## [About this task]
Repeat nothing but the lines below running from the one containing "로에베 Loewe 1762" to the one containing "155 Shanel Drive, Woodruff, SC 29388". Keep both end lines.

(Task data)

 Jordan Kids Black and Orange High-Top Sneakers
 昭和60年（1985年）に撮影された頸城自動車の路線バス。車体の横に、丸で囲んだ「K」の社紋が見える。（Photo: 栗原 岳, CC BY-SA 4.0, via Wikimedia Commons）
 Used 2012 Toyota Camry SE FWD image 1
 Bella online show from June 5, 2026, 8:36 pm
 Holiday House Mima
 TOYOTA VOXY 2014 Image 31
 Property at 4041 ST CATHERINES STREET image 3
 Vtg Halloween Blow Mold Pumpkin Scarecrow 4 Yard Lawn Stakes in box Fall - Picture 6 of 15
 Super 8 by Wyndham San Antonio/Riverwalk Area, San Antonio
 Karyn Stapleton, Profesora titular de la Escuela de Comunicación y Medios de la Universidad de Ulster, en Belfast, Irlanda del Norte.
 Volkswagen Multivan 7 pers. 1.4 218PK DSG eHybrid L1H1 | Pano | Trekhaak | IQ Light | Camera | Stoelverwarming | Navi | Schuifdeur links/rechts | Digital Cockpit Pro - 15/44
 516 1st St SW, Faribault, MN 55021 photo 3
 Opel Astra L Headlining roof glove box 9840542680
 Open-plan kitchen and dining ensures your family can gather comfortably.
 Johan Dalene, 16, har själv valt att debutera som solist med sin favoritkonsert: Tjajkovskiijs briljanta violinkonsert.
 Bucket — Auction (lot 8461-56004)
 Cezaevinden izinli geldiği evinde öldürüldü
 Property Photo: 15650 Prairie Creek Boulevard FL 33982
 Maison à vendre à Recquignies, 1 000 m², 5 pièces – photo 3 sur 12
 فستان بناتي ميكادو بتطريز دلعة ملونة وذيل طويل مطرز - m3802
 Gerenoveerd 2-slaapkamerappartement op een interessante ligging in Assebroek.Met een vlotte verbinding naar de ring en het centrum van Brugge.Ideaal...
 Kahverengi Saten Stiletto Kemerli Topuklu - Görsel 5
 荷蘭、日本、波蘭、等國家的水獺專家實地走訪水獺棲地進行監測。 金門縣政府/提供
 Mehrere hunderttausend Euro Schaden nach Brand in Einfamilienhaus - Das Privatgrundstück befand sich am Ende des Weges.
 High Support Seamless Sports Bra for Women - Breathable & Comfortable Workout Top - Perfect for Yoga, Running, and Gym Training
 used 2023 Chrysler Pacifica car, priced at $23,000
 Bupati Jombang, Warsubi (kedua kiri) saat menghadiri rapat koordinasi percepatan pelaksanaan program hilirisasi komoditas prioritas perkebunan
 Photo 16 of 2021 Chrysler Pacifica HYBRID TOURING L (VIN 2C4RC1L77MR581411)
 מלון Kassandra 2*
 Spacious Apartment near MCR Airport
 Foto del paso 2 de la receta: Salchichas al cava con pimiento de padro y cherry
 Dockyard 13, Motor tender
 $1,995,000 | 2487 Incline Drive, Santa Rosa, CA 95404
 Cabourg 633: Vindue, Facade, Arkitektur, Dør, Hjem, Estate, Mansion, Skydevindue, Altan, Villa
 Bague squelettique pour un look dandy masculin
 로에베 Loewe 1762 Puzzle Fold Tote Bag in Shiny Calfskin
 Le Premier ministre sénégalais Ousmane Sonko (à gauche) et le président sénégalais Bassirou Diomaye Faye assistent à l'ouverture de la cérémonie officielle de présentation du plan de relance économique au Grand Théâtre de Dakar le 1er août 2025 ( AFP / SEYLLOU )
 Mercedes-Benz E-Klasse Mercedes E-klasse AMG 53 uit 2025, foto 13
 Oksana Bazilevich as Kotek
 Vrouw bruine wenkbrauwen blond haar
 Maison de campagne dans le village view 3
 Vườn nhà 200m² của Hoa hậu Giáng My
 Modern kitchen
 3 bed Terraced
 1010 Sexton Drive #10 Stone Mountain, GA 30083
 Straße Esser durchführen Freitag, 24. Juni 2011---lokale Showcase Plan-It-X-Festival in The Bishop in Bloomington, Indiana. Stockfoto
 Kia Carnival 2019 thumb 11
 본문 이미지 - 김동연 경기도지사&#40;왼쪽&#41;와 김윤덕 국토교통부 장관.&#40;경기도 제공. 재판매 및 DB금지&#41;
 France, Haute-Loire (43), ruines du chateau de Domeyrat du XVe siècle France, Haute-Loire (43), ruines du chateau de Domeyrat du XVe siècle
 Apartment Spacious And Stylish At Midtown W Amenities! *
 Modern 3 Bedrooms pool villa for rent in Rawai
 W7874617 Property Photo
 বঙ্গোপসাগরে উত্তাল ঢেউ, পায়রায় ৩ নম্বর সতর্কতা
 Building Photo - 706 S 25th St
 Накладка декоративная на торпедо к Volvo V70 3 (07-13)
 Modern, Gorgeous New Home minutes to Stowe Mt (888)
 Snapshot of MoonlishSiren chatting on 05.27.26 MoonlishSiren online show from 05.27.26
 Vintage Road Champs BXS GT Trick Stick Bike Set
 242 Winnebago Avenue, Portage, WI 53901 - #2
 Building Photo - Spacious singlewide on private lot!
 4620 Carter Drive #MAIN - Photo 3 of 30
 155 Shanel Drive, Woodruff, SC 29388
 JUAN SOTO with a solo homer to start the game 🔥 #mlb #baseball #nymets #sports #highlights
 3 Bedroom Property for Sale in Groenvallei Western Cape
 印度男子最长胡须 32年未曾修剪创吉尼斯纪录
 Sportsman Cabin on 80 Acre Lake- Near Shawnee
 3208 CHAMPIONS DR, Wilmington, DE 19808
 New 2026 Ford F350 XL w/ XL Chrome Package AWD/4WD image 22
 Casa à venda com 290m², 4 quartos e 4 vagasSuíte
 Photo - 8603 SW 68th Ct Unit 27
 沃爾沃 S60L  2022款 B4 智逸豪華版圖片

(End Task data)

## [Response]
 로에베 Loewe 1762 Puzzle Fold Tote Bag in Shiny Calfskin
 Le Premier ministre sénégalais Ousmane Sonko (à gauche) et le président sénégalais Bassirou Diomaye Faye assistent à l'ouverture de la cérémonie officielle de présentation du plan de relance économique au Grand Théâtre de Dakar le 1er août 2025 ( AFP / SEYLLOU )
 Mercedes-Benz E-Klasse Mercedes E-klasse AMG 53 uit 2025, foto 13
 Oksana Bazilevich as Kotek
 Vrouw bruine wenkbrauwen blond haar
 Maison de campagne dans le village view 3
 Vườn nhà 200m² của Hoa hậu Giáng My
 Modern kitchen
 3 bed Terraced
 1010 Sexton Drive #10 Stone Mountain, GA 30083
 Straße Esser durchführen Freitag, 24. Juni 2011---lokale Showcase Plan-It-X-Festival in The Bishop in Bloomington, Indiana. Stockfoto
 Kia Carnival 2019 thumb 11
 본문 이미지 - 김동연 경기도지사&#40;왼쪽&#41;와 김윤덕 국토교통부 장관.&#40;경기도 제공. 재판매 및 DB금지&#41;
 France, Haute-Loire (43), ruines du chateau de Domeyrat du XVe siècle France, Haute-Loire (43), ruines du chateau de Domeyrat du XVe siècle
 Apartment Spacious And Stylish At Midtown W Amenities! *
 Modern 3 Bedrooms pool villa for rent in Rawai
 W7874617 Property Photo
 বঙ্গোপসাগরে উত্তাল ঢেউ, পায়রায় ৩ নম্বর সতর্কতা
 Building Photo - 706 S 25th St
 Накладка декоративная на торпедо к Volvo V70 3 (07-13)
 Modern, Gorgeous New Home minutes to Stowe Mt (888)
 Snapshot of MoonlishSiren chatting on 05.27.26 MoonlishSiren online show from 05.27.26
 Vintage Road Champs BXS GT Trick Stick Bike Set
 242 Winnebago Avenue, Portage, WI 53901 - #2
 Building Photo - Spacious singlewide on private lot!
 4620 Carter Drive #MAIN - Photo 3 of 30
 155 Shanel Drive, Woodruff, SC 29388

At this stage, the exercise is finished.